This work addresses control-affine nonlinear systems subject to nonholonomic constraints. We propose a novel deterministic feedback control and motion planning framework grounded in denoising diffusion probabilistic models (DDPMs). Methodologically, we introduce a control-oriented time-reversal diffusion mechanism—proving for the first time that controllable driftless nonlinear systems admit exact deterministic feedback laws capable of perfectly inverting the forward diffusion process. We further design constraint-embedded forward noise to eliminate stochastic sampling in the reverse process. Integrating score matching, Lyapunov stability analysis, and nonholonomic modeling, our approach enables analytical construction of control laws while ensuring strict fidelity in density evolution. Evaluated on single-vehicle obstacle avoidance, a 5D drifting system, and a 4D linear system, the method achieves fully deterministic reverse-time trajectories—zero sampling randomness—thereby enhancing interpretability and real-time deployability of the controller.

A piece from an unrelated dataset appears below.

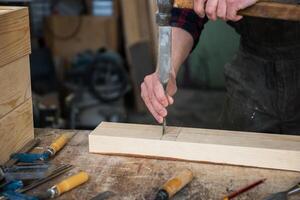 Carpenter working with a chisel photo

We propose a novel control-theoretic framework that leverages principles from generative modeling -- specifically, Denoising Diffusion Probabilistic Models (DDPMs) -- to stabilize control-affine systems with nonholonomic constraints. Unlike traditional stochastic approaches, which rely on noise-driven dynamics in both forward and reverse processes, our method crucially eliminates the need for noise in the reverse phase, making it particularly relevant for control applications. We introduce two formulations: one where noise perturbs all state dimensions during the forward phase while the control system enforces time reversal deterministically, and another where noise is restricted to the control channels, embedding system constraints directly into the forward process. For controllable nonlinear drift-free systems, we prove that deterministic feedback laws can exactly reverse the forward process, ensuring that the system's probability density evolves correctly without requiring artificial diffusion in the reverse phase. Furthermore, for linear time-invariant systems, we establish a time-reversal result under the second formulation. By eliminating noise in the backward process, our approach provides a more practical alternative to machine learning-based denoising methods, which are unsuitable for control applications due to the presence of stochasticity. We validate our results through numerical simulations on benchmark systems, including a unicycle model in a domain with obstacles, a driftless five-dimensional system, and a four-dimensional linear system, demonstrating the potential for applying diffusion-inspired techniques in linear, nonlinear, and settings with state space constraints.